### Input data ###
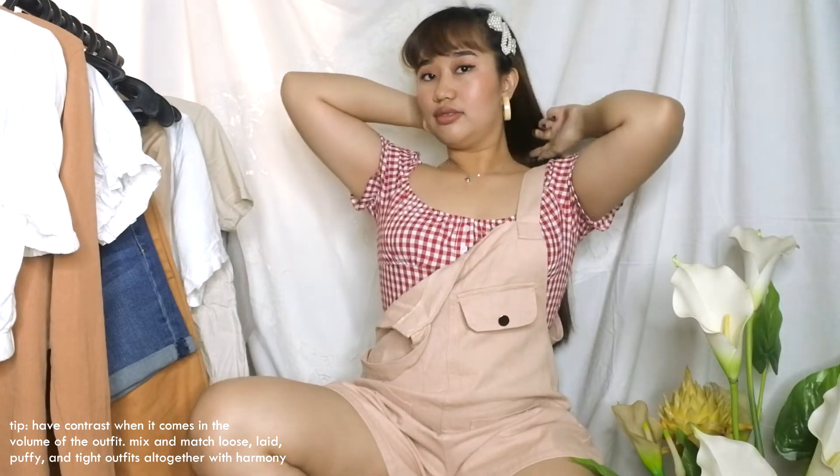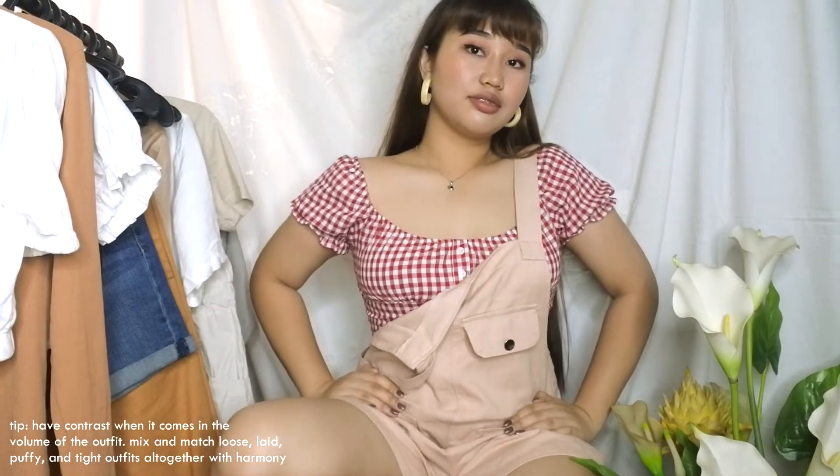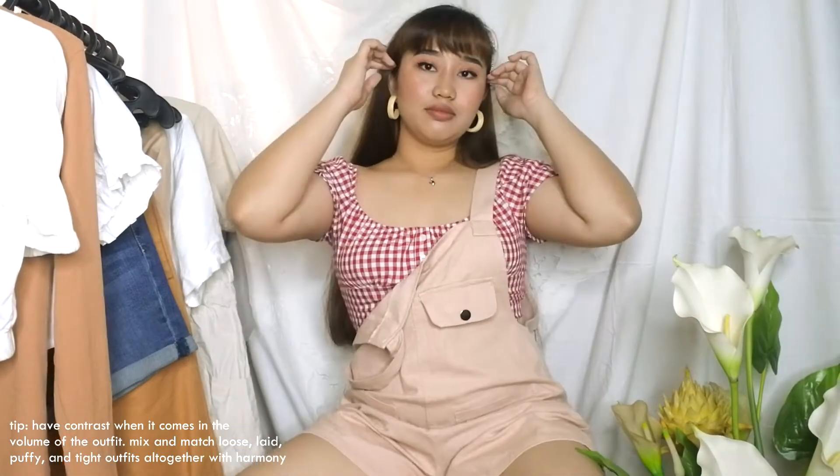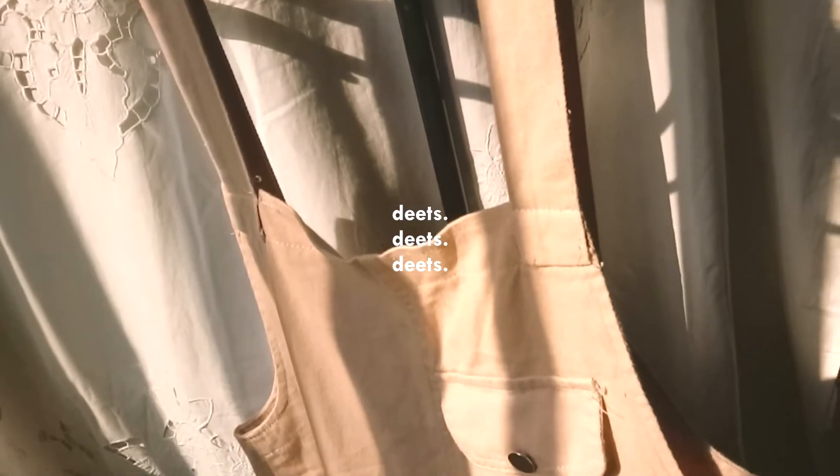The best way to secure and protect every problem area is to wear overalls like jumpsuits or rompers. This is my basic necessity when I'm in the mood to cover up my baby fats. I got this from a branded overrun store and I've never owned a romper this long and a bit loose before. I like how it's different — conservative but also a bit edgy at the same time.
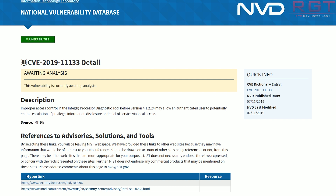So let's talk about the first one — the one in the software, the processor diagnostic tool — and it is rated 8.2 out of 10 on the CVSS scale, which makes it a high severity vulnerability. And according to Intel's latest security advisory, which you can find linked below, the flaw may quote, allow an authenticated user to potentially enable escalation of privilege, information disclosure, or denial of service via local access.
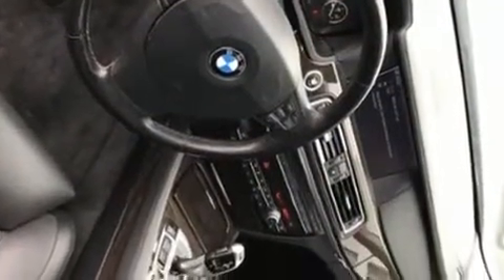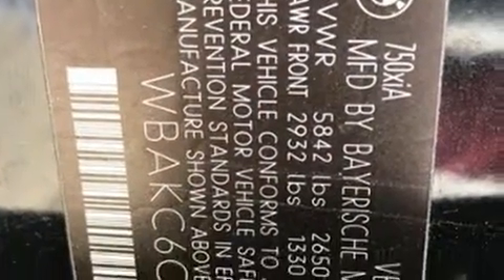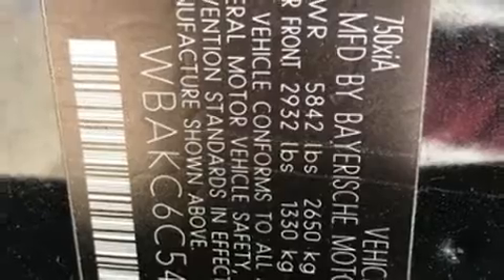You and your passengers will enjoy the stereo system, which includes a CD player with MP3 capability and 16 speakers, yielding a symphony-like audio experience.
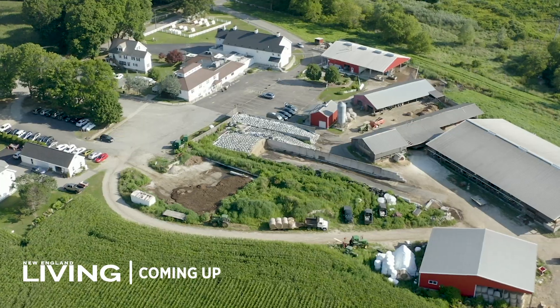Coming up, it's real food from real cows — how one farm is redefining fresh. That's next, when New England Living returns.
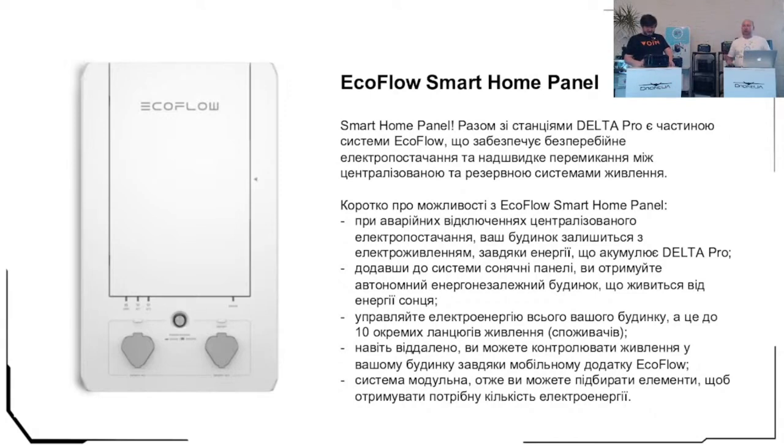You can manage the energy consumption of your house across up to 10 consumer groups. It is ideal for all your consumer groups to be organized separately — for example, kitchen zone, kitchen lighting, and kitchen sockets. It is very convenient and very safe. One more advantage is that you can manage everything remotely: connect the Smart Home Panel to a router and manage everything via internet connection. The system is modular — two Delta Pro stations, one or two additional batteries per station, plus a generator, letting you increase capacity from 3.6 kilowatts up to 25 kilowatts.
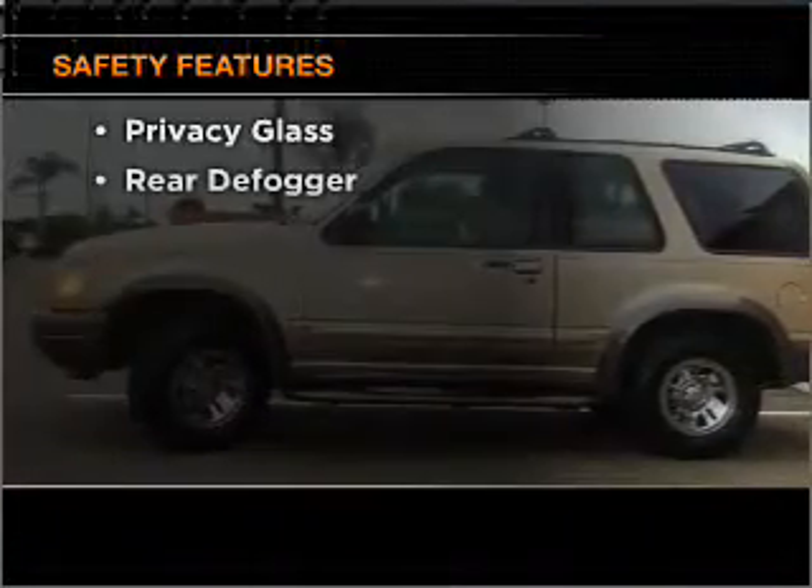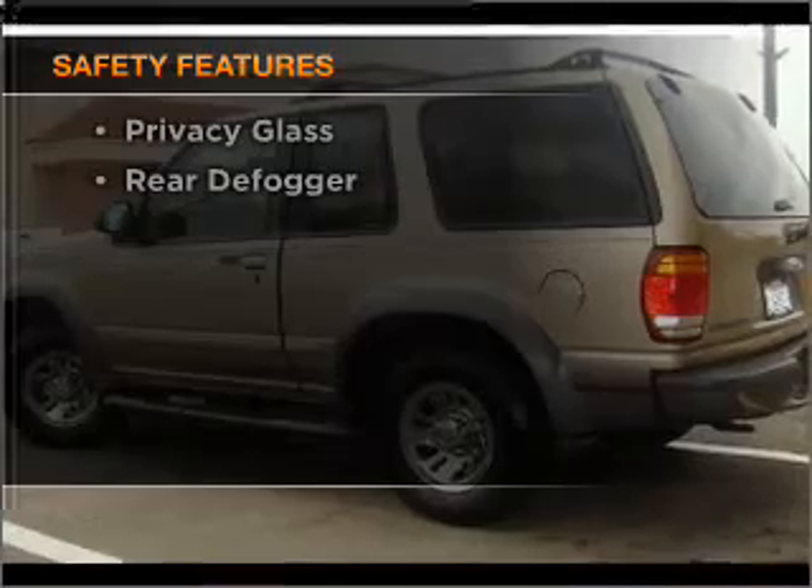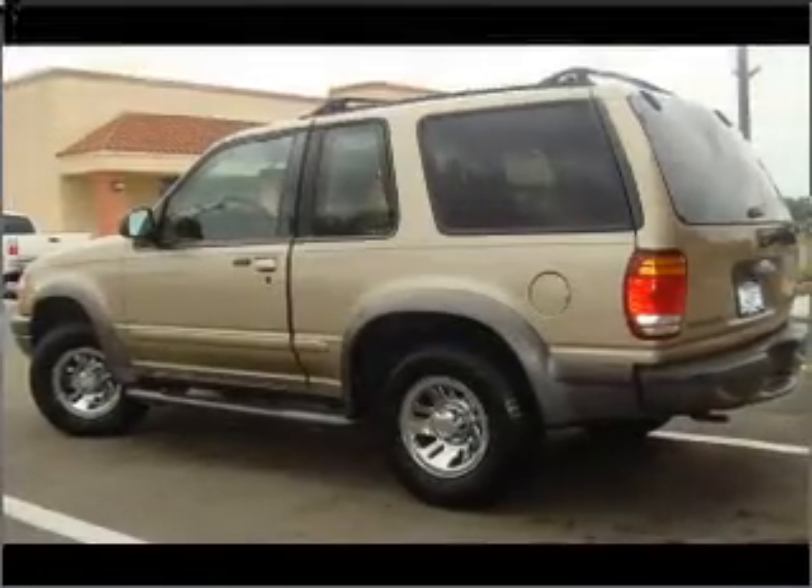And for your peace of mind, the following safety equipment is included: front ventilated disc brakes and passenger airbag.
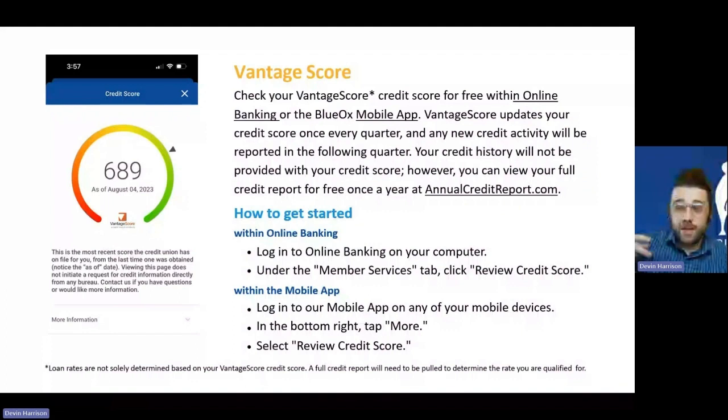Our final digital solution is the Vantage Score. Right from your online or mobile banking, you can access your credit score, which is refreshed quarterly — it will be the same credit score we most recently have on file for you for that quarter. It doesn't update in real time, but it does update automatically on a quarterly basis. On the desktop site, log in, go to the member services tab, and click review credit score. On the mobile app, log in, navigate to the more option in the navigation panel at the bottom, and tap review credit score.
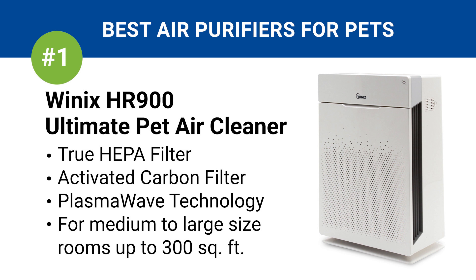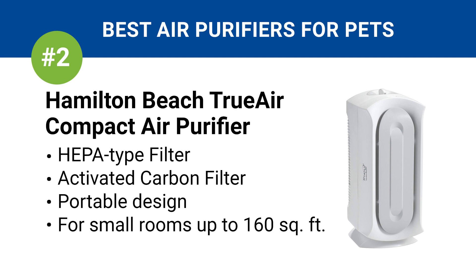Number two is the Hamilton Beach TrueAir Compact Air Purifier. This small device includes a lower grade HEPA filter that's made for removing pet hair and larger pet dander particles. It also includes an activated carbon filter for reducing pet odors. If you want portability or an air purifier for small rooms up to 160 square feet, this is a great inexpensive choice.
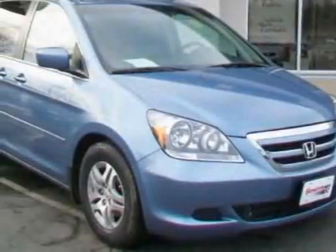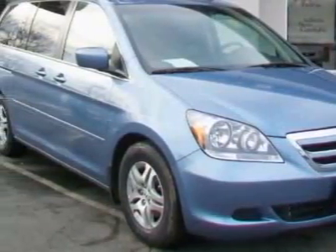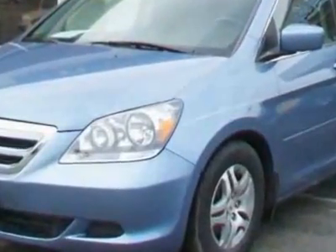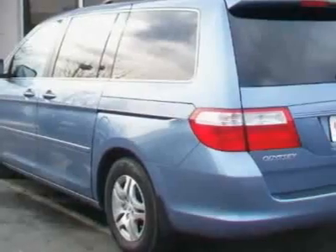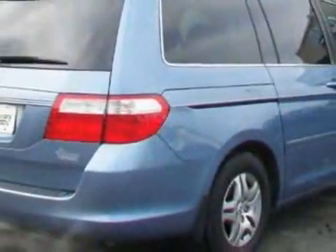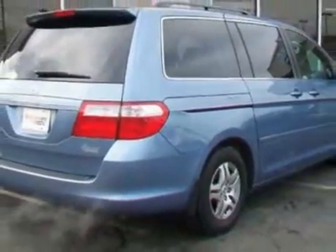Check out this certified pre-owned 2007 Honda Odyssey. Carfax has certified this Odyssey as having one owner. This Odyssey has just under 58,500 miles. For your protection, a warranty is available for this vehicle.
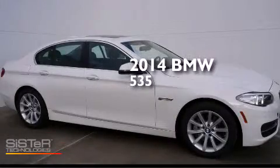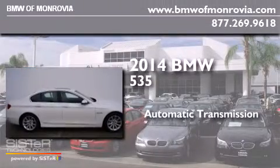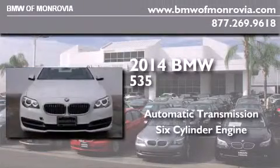This is a brand new 2014 BMW 535. This car has an automatic transmission and a six-cylinder engine.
###
◆ **Aim of the task**
Leave the pictures out, and transcribe exactly the lines above starting at the one that contains "You can manage the" and ending at the one that contains "Check out this".

◆ **Task response**
You can manage the energy consumption of your house across up to 10 consumer groups. It is ideal for all your consumer groups to be organized separately — for example, kitchen zone, kitchen lighting, and kitchen sockets. It is very convenient and very safe. One more advantage is that you can manage everything remotely: connect the Smart Home Panel to a router and manage everything via internet connection. The system is modular — two Delta Pro stations, one or two additional batteries per station, plus a generator, letting you increase capacity from 3.6 kilowatts up to 25 kilowatts.
And for your peace of mind, the following safety equipment is included: front ventilated disc brakes and passenger airbag.
Our final digital solution is the Vantage Score. Right from your online or mobile banking, you can access your credit score, which is refreshed quarterly — it will be the same credit score we most recently have on file for you for that quarter. It doesn't update in real time, but it does update automatically on a quarterly basis. On the desktop site, log in, go to the member services tab, and click review credit score. On the mobile app, log in, navigate to the more option in the navigation panel at the bottom, and tap review credit score.
Number two is the Hamilton Beach TrueAir Compact Air Purifier. This small device includes a lower grade HEPA filter that's made for removing pet hair and larger pet dander particles. It also includes an activated carbon filter for reducing pet odors. If you want portability or an air purifier for small rooms up to 160 square feet, this is a great inexpensive choice.
Check out this certified pre-owned 2007 Honda Odyssey. Carfax has certified this Odyssey as having one owner. This Odyssey has just under 58,500 miles. For your protection, a warranty is available for this vehicle.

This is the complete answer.